I’m not a huge fan of cooking from scratch. Now, I don’t mind making a grilled cheese or creating a big-old salad every now and then, but to take time to prep and cook daily for only one person (me) just doesn’t make much sense. I mean, it would take me an hour to fix something and probably less than ten minutes to watch it disappear completely. And then there’s also the cleanup.

That’s a big “Nope” for me.

But sometimes, I hear this little voice whisper, “It’s time to make the soup.”

Potato and onion soup, to be specific. And so, I get out a sheet of paper to make the grocery list. Potatoes, sweet onion, butter, salt/pepper, and some half and half or a little milk. And if I’m feeling froggy, maybe even some bacon bits. It’s pretty simple. And I don’t measure anything… I just go by instinct.

It’s how my Dad taught me when I was in my early teens. When someone in our house was under the weather or just needed a little “picker-upper” during the cold weather days, he took over the kitchen and started making his “famous” potato and onion soup. He wasn’t much on doing the “household” things… my poor stepmom bore the brunt of that. (And I thank God for her every day because of it.) But there was something about the making of the soup that got him away from the television and up off the couch like it was his calling… his duty.

At first, watching him chop up the potatoes and onions seemed like a lot of work for just a few bowls of that stuff. But when he tossed it all in the water, and it started to simmer, something magical happened.

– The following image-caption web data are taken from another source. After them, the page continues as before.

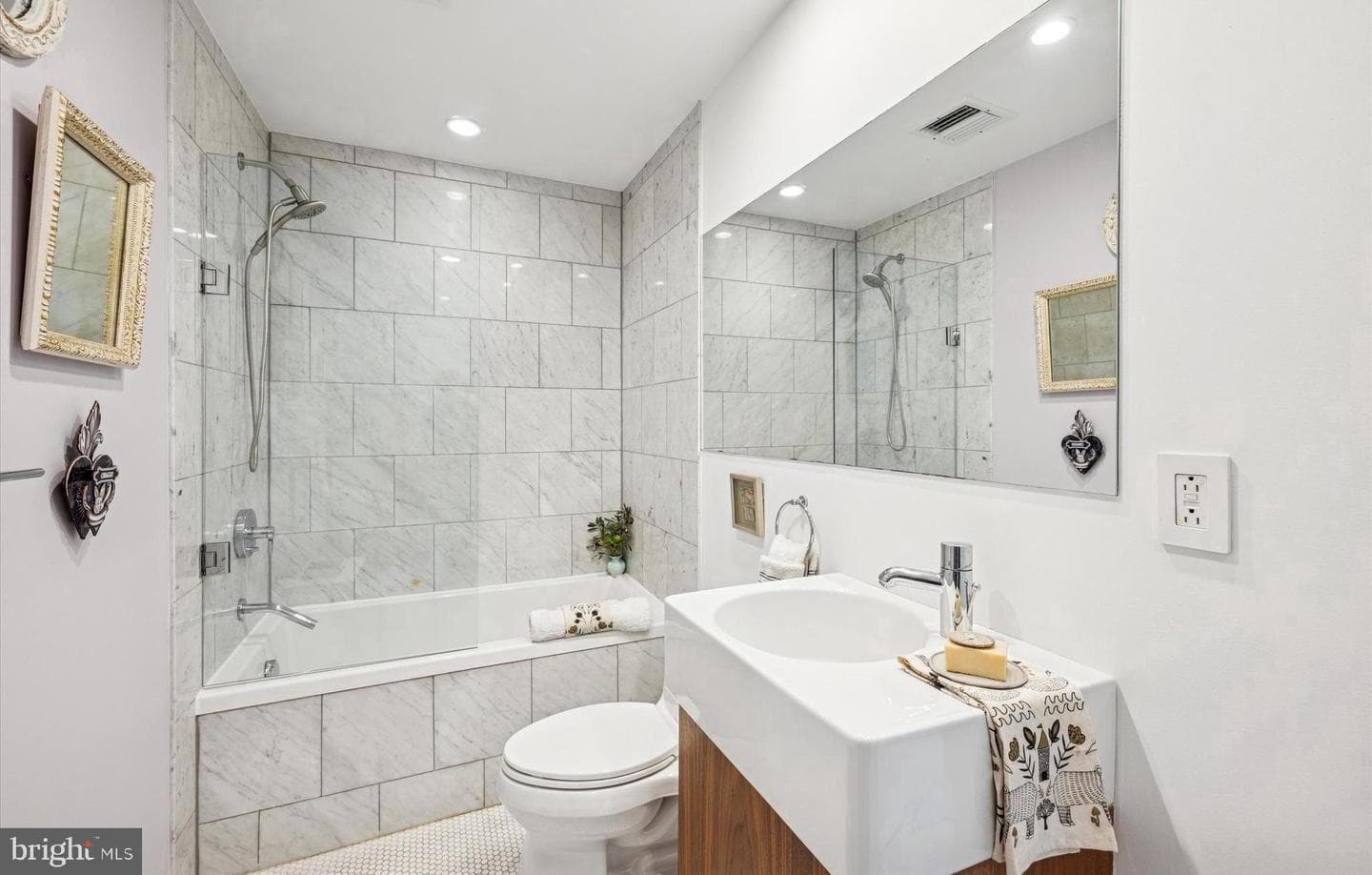953 N American Street photo 30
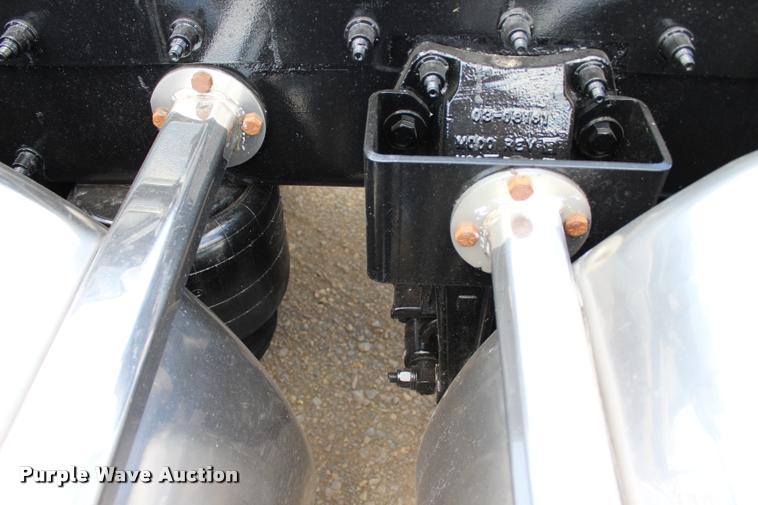 image for item L1921 2013 Peterbilt 389 semi truck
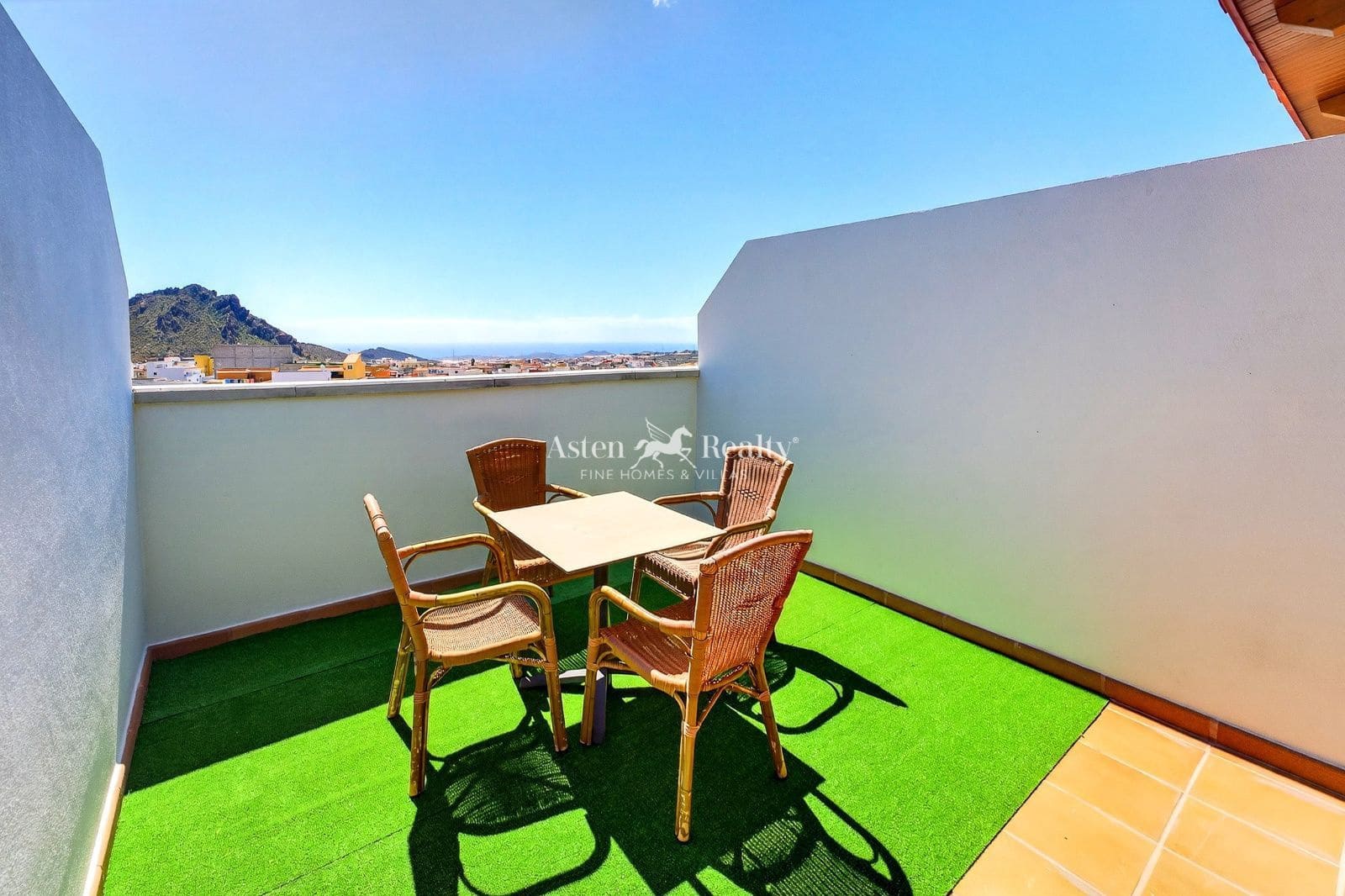 2 bedroom Flat for sale in Cabo Blanco with garage - € 289,000 (Ref: 10045490)
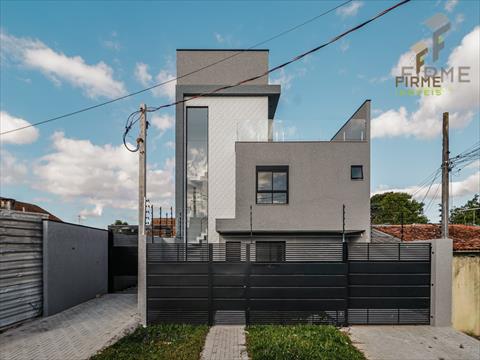 Sobrado para venda no Uberaba em Curitiba com 142,13m² por R$ 950.000,00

That soup became a healer – of bad colds and sore throats, difficult days, and of whatever disagreements might be lingering between a father and his young, fiercely independent teenage daughter. I’d find myself standing next to him at the stovetop, peeking over the huge pot, listening to his instructions that you “have to wait ‘til it stops bubbling to add just enough milk to give it a little thickness.” Then he’d carefully pour in the milk and stir to make the broth turn from a clear to a cloudy consistency.

The day he let me add the milk to the soup, I felt as if I’d reached another milestone in my young life – not only was I taking part in the making of the soup, it was one of the first moments after Mom had died that the two of us actually did something together.

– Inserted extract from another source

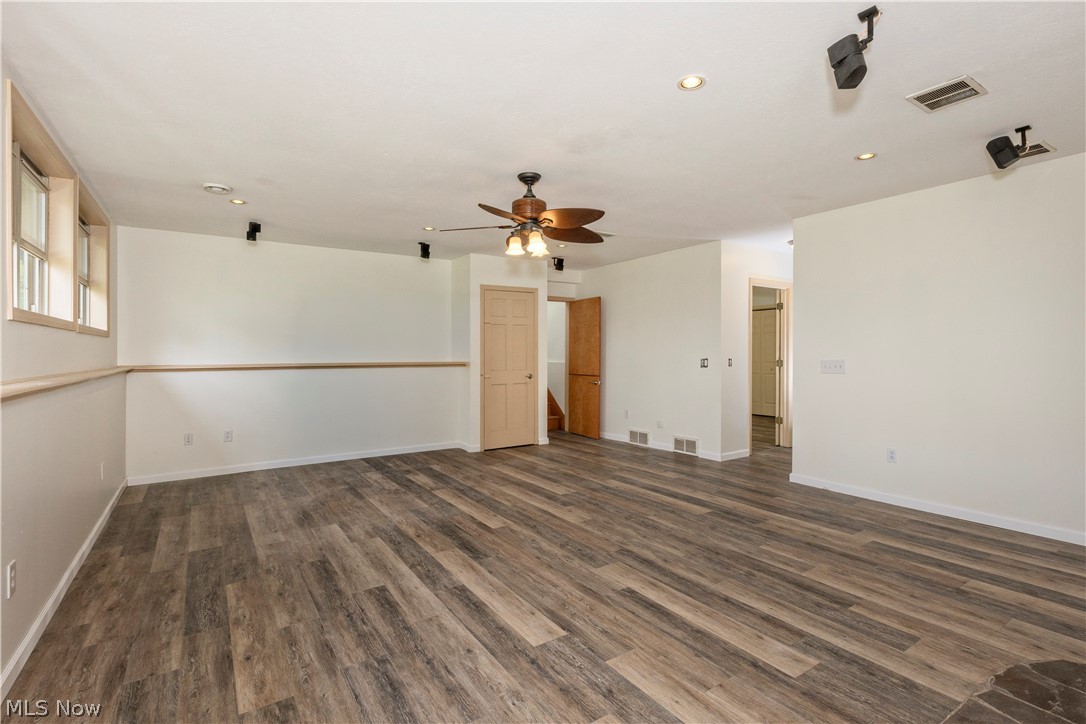 6205 River Road Madison OH 44057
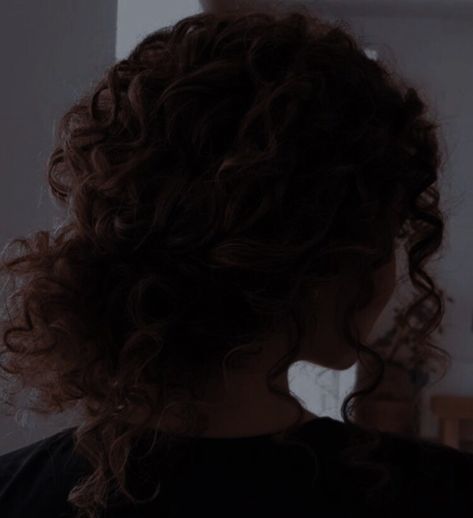 Faceless Girl Aesthetic Black, Wild Curly Hair, Kiara Carrera, Brown Curly Hair, Face Pictures, Black Curly Hair, Modern Disney, Story Board, Minimalist Wallpaper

You see, Dad had changed since her passing in 1978 – I wasn’t quite sure how or when it happened, but I felt like he had become more serious and focused on trying to adjust to life with the new family he and my stepmom had created. And, four years later, at age 40, having brought another daughter into the world almost sixteen years after the one who was standing beside him in the kitchen. He had sold the frame shop that he and mom had opened in late 1976 and was off on another career path – what it was at that time, I can’t recall. But it always seemed like he was chasing some “next great thing” that was just out of his reach. And it felt like the Dad I knew was just out of my reach as well.

I’m not putting all the blame on him – I also had my moments of being distant. There comes a point where, although teenage daughters act as if they don’t want to be anywhere close to them, deep down inside, they secretly long for a dad-sized bear hug and reassurance that they’re still the best daughter ever.

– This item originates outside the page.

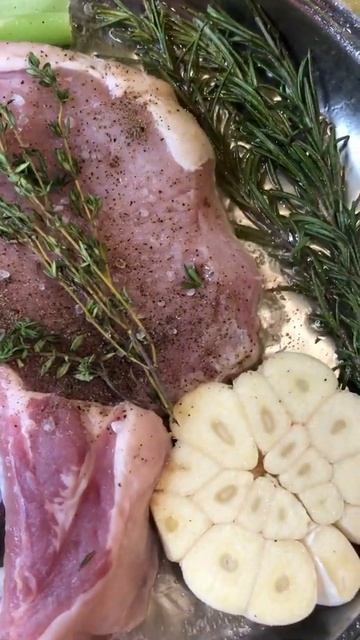 Свиная корейка на кости с луком шалот, чесноком, сельдереем и тимьяном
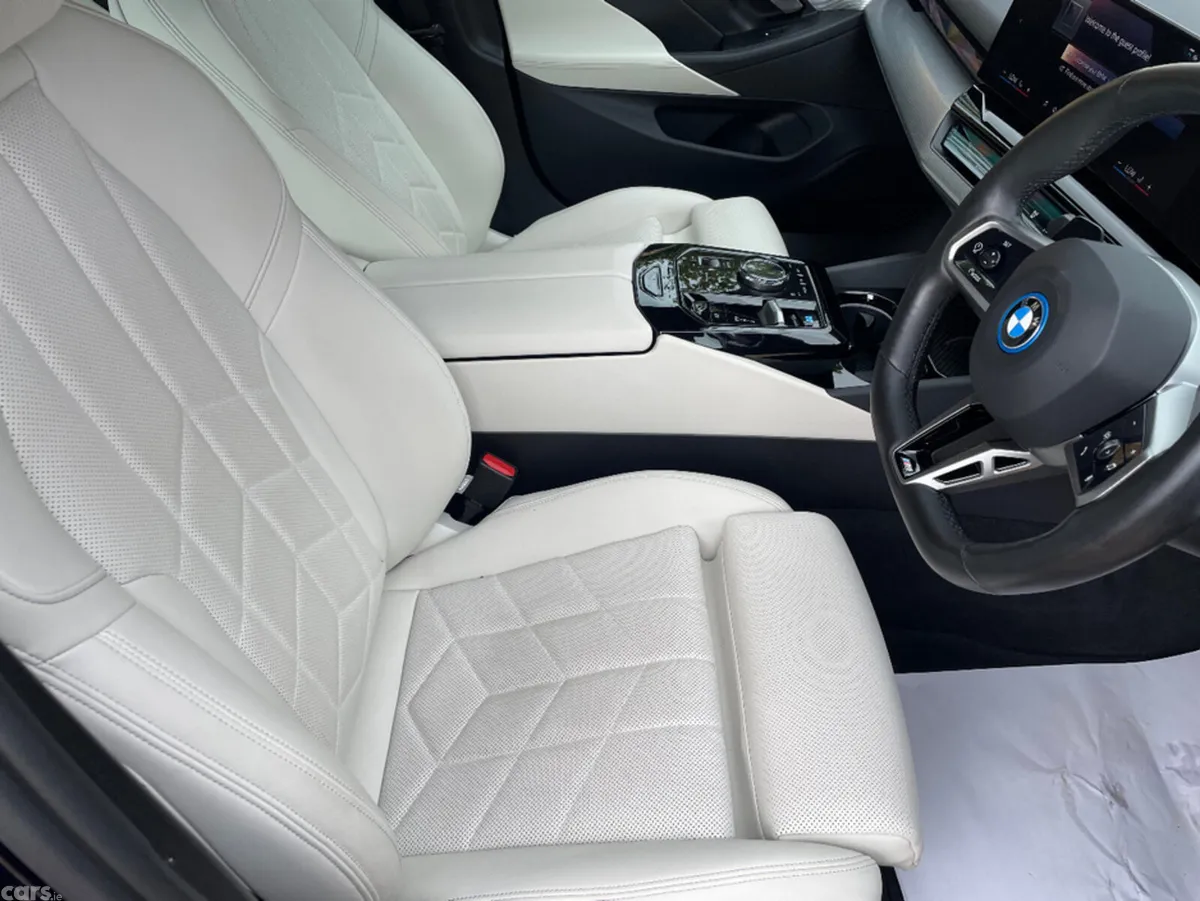 BMW i5 Saloon, Electric, 2024, Blue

So, as I stand here in the present day, alone at my kitchen counter, chopping up the potatoes and onions, I’m reminded of the moment when a father handed the reins to his daughter and left her in charge of making the first batch of “the soup” from scratch. He had been under the weather and didn’t feel like cooking, so she took a huge container of it by the house and held her breath, watching him intently and bit anxiously as he took the first sip.

“You done good,” he grumbled as he slurped. Relaxing back in the kitchen chair, I let out a huge, audible sigh and smiled with pride. At that moment, the healing ritual had been handed down to another generation.

Filling up the pot with all the ingredients, I realize I’ve made way more than I can possibly eat in the next day or so.

But’s my second Christmas without having Dad around, and maybe taking a bit longer to cut up a few more vegetables was my way of being able to spend a little more time with him.